While Porter concedes it’s not easy, based on her work with hundreds of organisational leaders, she gives seven steps you should follow:

1. Begin by looking in the mirror

Before attempting to change others, start with yourself. Show your team that you’re committed to shifting the culture by first doing the hard work yourself.

In practical terms, this means committing to being more candid with your team, creating a plan for how this might happen, and then sharing your plan with your staff, and asking for feedback on it.

(According to psychology professor Robert Cialdini, publicly committing to a goal means you’re more likely to follow through.)

2. Request feedback about yourself– then really listen to it

Feedback can be high-level questions such as, ‘What could I be doing better as a manager?’ as well as ‘micro’ feedback, such as asking how you could have better handled a meeting or conversation.

Then, make sure you listen without becoming defensive or explaining. Take in what was said and thank the person for their candour – you can decide what parts of their feedback to act on down the track.

3. Concentrate on being helpful, not on venting

Being more candid in your organisation doesn’t give you license to vent, ‘get things off your chest’ or say whatever you feel in the moment. The aim here is to help your team member to develop and be more effective at their job, not to make yourself feel better.

4. Welcome the discomfort and slip-ups

Make no mistake: learning candour will be uncomfortable to start with. As when learning other new skills, you’ll make mistakes, work out what they were, and then try again. But take heart that you’ll improve over time.

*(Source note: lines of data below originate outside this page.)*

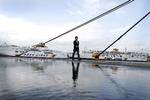 Strejke. Såvel flytrafikken som tog,  busser og færger er berørt af en omfattende generalstrejke, som lammer Grækenland i dag - her havnen i Piræus. 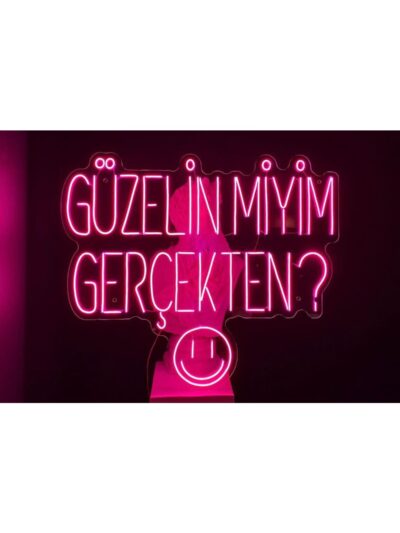 Güzelin Miyim Gerçekten Yazılı Neon Led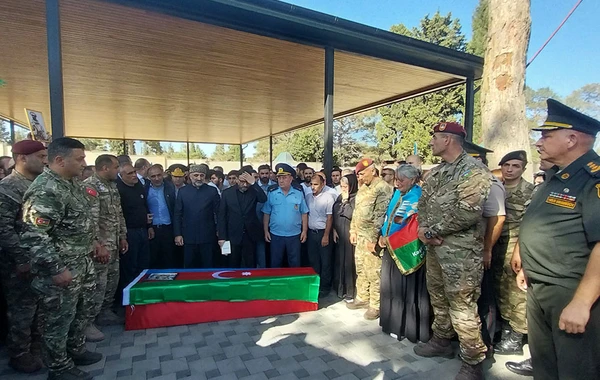Руководящий состав Минобороны принял участие в похоронах шехидов - ФОТО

You might also unintentionally create misunderstandings, hurt feelings and other kinds of conflict. But Porter provides some relief in this: discomfort and mistakes mean you’re doing something right, so don’t expect to skip this stage.

5. Own up to your mistakes

While making mistakes is unavoidable, brushing them under the carpet and ignoring their impact on others is not – it’s unprofessional and unkind. Own up to mistakes, explain your intent and apologise for any confusion or upset caused.

Aside from the immediate benefit of cleaning up the blunder, you’ll send a loud message to those within your team that, like anyone else, managers make mistakes and apologise for them.

6. Know when to keep things to yourself

Sometimes, candour isn’t the appropriate course of action. For instance, avoid giving feedback at times when:

  • You’re looking to place blame;
  • You’re emotional, hungry, angry, lonely or tired;
  • It’s focused on personality, not offending behaviour;
  • It’s based on second-hand information; or
  • You’ve already given a substantial amount of feedback recently.

7. Accept that improvement is continuous

Pay attention to and learn from what you’re doing well, as well as any instances in which you find yourself venting, avoiding honesty or delivering feedback clumsily.

Analyse these occurrences and develop strategies to improve, remembering that it’s an ongoing process. You’ll never reach an “end” – but you’ll get better over time.

While improving your feedback skills can be difficult, you’ll better serve your team by being completely honest with them – while still retaining your ability to be kind and approachable.